Signed-off-by: Jeff Mahoney <jeffm@suse.com>
---
 fs/btrfs/qgroup.c     |   79 ++++++++++++++++++++++++++++++++++++++++++++++++++
 fs/btrfs/qgroup.h     |    6 +++
 fs/btrfs/relocation.c |   16 ++++++++++
 3 files changed, 101 insertions(+)

--- a/fs/btrfs/qgroup.c
+++ b/fs/btrfs/qgroup.c
@@ -3270,6 +3270,85 @@ btrfs_qgroup_rescan(struct btrfs_fs_info
 	return 0;
 }
 
+/*
+ * Suspend runtime quota activity.
+ *
+ * Disabling quotas normally cleans up the quota tree, which removes
+ * relations that define nested qgroups as well as the stale usage
+ * numbers.  Suspending quotas leaves the disk alone other than
+ * marking quotas inconsistent.  If the system crashes, a rescan
+ * will be needed just as if quotas were inconsistent for any other
+ * reason.
+ *
+ * This is intended only be used by the relocation recovery code to
+ * work around qgroups attempting to do the accounting for many entire
+ * trees in a single transaction.
+ *
+ * The rescan worker cannot be running.
+ *
+ * Returns:
+ * < 0 on error
+ * 0 when quotas were not enabled
+ * 1 when quotas were suspended
+ */
+int btrfs_quota_suspend(struct btrfs_fs_info *fs_info)
+{
+	struct btrfs_trans_handle *trans;
+	int ret = 0;
+	int err = 0;
+
+	if (!test_bit(BTRFS_FS_QUOTA_ENABLED, &fs_info->flags))
+		return 0;
+
+	mutex_lock(&fs_info->qgroup_rescan_lock);
+	/*
+	 * Cancel any pending rescan since we'll need to start over when
+	 * we enable again.
+	 */
+	fs_info->qgroup_rescan_ready = false;
+
+	/* This shouldn't happen */
+	if (WARN_ON(fs_info->qgroup_rescan_running))
+		ret = -EBUSY;
+	mutex_unlock(&fs_info->qgroup_rescan_lock);
+	if (ret)
+		return ret;
+
+	trans = btrfs_start_transaction(fs_info->quota_root, 1);
+	if (IS_ERR(trans))
+		return PTR_ERR(trans); /* Quotas are disabled */
+
+	spin_lock(&fs_info->qgroup_lock);
+	fs_info->qgroup_flags |= BTRFS_QGROUP_STATUS_FLAG_INCONSISTENT;
+	spin_unlock(&fs_info->qgroup_lock);
+
+	set_bit(BTRFS_FS_QUOTA_DISABLING, &fs_info->flags);
+	err = update_qgroup_status_item(trans, fs_info, fs_info->quota_root);
+	ret = btrfs_commit_transaction(trans);
+	if (ret || err)
+		return ret ?: err;
+
+	return 1;
+}
+
+/*
+ * Resume quotas after suspending.
+ *
+ * Like the above, this is only intended for use by the relocation recovery
+ * code.  Quotas will have already been set up but we still haven't loaded
+ * the fs trees.  We setup rescan but don't queue it.  It will be queued
+ * as normal further in the mount/remount process.
+ */
+void btrfs_quota_resume(struct btrfs_fs_info *fs_info)
+{
+	/*
+	 * BTRFS_FS_QUOTA_ENABLING kicks off the rescan thread.

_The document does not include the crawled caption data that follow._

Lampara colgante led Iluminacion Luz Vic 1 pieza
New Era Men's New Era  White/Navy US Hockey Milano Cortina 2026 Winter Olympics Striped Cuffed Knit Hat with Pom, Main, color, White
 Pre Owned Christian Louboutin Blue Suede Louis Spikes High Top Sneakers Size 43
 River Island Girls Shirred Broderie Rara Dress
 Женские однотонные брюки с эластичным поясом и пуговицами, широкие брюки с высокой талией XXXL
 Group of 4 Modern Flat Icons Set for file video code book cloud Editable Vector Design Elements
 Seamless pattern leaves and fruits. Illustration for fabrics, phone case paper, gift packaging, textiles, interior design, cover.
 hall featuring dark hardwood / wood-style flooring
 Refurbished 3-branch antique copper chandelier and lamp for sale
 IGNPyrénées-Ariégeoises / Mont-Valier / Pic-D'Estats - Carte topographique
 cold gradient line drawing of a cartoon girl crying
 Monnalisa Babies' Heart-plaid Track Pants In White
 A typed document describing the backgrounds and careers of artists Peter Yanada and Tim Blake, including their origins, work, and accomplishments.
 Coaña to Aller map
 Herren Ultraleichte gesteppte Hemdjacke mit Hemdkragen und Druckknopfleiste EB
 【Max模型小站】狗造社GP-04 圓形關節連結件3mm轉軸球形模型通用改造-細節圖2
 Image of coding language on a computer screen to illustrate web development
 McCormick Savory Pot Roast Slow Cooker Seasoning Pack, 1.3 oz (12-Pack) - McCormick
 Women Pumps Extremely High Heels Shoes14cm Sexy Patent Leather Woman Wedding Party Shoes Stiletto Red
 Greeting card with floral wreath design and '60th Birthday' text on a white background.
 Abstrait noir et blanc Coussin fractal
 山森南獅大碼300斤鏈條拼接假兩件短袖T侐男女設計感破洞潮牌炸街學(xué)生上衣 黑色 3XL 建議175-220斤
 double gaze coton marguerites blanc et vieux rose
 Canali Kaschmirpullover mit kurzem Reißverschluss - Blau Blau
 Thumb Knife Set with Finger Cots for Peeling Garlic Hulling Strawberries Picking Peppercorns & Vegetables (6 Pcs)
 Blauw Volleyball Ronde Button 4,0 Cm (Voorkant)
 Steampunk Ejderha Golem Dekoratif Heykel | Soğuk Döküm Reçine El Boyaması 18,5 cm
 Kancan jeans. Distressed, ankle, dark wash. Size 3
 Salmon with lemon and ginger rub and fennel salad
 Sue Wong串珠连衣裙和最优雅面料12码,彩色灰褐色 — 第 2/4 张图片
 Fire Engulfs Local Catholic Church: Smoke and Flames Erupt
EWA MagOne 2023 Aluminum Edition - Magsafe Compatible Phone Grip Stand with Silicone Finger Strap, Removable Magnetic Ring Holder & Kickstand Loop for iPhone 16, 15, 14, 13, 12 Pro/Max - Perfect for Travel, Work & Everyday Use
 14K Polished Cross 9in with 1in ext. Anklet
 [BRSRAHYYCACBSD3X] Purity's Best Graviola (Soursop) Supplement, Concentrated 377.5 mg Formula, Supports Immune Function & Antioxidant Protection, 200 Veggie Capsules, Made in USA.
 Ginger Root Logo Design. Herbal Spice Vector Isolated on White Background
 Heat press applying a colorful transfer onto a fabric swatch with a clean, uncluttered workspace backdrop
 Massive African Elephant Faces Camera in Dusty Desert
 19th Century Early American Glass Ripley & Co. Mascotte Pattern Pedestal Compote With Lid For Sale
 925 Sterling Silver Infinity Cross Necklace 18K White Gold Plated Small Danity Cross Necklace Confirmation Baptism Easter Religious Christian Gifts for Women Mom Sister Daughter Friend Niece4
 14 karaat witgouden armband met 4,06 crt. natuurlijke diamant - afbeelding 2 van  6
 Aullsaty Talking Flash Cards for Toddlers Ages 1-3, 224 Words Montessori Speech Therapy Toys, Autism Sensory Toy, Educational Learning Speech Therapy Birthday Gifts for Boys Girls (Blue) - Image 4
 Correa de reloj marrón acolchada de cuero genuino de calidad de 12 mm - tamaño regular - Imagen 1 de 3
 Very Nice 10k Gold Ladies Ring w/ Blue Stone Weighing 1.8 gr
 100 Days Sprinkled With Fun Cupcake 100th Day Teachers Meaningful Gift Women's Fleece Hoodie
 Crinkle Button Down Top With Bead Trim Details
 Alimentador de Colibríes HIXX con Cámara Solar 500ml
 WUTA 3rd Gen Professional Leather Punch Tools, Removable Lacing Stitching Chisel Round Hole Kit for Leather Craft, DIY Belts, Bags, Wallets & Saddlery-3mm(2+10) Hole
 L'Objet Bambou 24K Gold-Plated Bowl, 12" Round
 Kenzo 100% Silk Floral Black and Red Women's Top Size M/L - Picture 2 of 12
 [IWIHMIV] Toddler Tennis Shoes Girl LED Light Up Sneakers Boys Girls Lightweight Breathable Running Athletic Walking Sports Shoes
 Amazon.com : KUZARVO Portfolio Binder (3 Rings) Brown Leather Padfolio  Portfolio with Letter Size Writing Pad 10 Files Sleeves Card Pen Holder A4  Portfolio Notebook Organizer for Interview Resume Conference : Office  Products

+	 * Relocation recovery is way too early to do that.
+	 */
+	set_bit(BTRFS_FS_QUOTA_ENABLED, &fs_info->flags);
+	WARN_ON(qgroup_rescan_init(fs_info, 0, 1));
+}
+
 int btrfs_qgroup_wait_for_completion(struct btrfs_fs_info *fs_info,
 				     bool interruptible)
 {
--- a/fs/btrfs/qgroup.h
+++ b/fs/btrfs/qgroup.h
@@ -413,5 +413,11 @@ int btrfs_qgroup_add_swapped_blocks(stru
 		u64 last_snapshot);
 int btrfs_qgroup_trace_subtree_after_cow(struct btrfs_trans_handle *trans,
 		struct btrfs_root *root, struct extent_buffer *eb);
+/*
+ * These are only used as a workaround for relocation recovery since it
+ * degrades into accounting the entire tree at once.
+ */
+int btrfs_quota_suspend(struct btrfs_fs_info *fs_info);
+void btrfs_quota_resume(struct btrfs_fs_info *fs_info);
 
 #endif /* __BTRFS_QGROUP__ */
--- a/fs/btrfs/relocation.c
+++ b/fs/btrfs/relocation.c
@@ -4907,6 +4907,7 @@ int btrfs_recover_relocation(struct btrf
 	struct extent_buffer *leaf;
 	struct reloc_control *rc = NULL;
 	struct btrfs_trans_handle *trans;
+	bool resume_qgroups = false;
 	int ret;
 	int err = 0;
 
@@ -4974,6 +4975,15 @@ int btrfs_recover_relocation(struct btrf
 	if (list_empty(&reloc_roots))
 		goto out;
 
+	err = btrfs_quota_suspend(fs_info);
+	if (err < 0)
+		goto out;
+	if (err > 0) {
+		btrfs_info(fs_info,
+			   "suspended qgroups for relocation recovery");
+		resume_qgroups = true;
+	}
+
 	rc = alloc_reloc_control(fs_info);
 	if (!rc) {
 		err = -ENOMEM;
@@ -5033,6 +5043,12 @@ int btrfs_recover_relocation(struct btrf
 		err = PTR_ERR(trans);
 		goto out_clean;
 	}
+
+	if (resume_qgroups) {
+		btrfs_info(fs_info,
+			   "resuming qgroups after relocation recovery");
+		btrfs_quota_resume(fs_info);
+	}
 	err = btrfs_commit_transaction(trans);
 
 out_clean: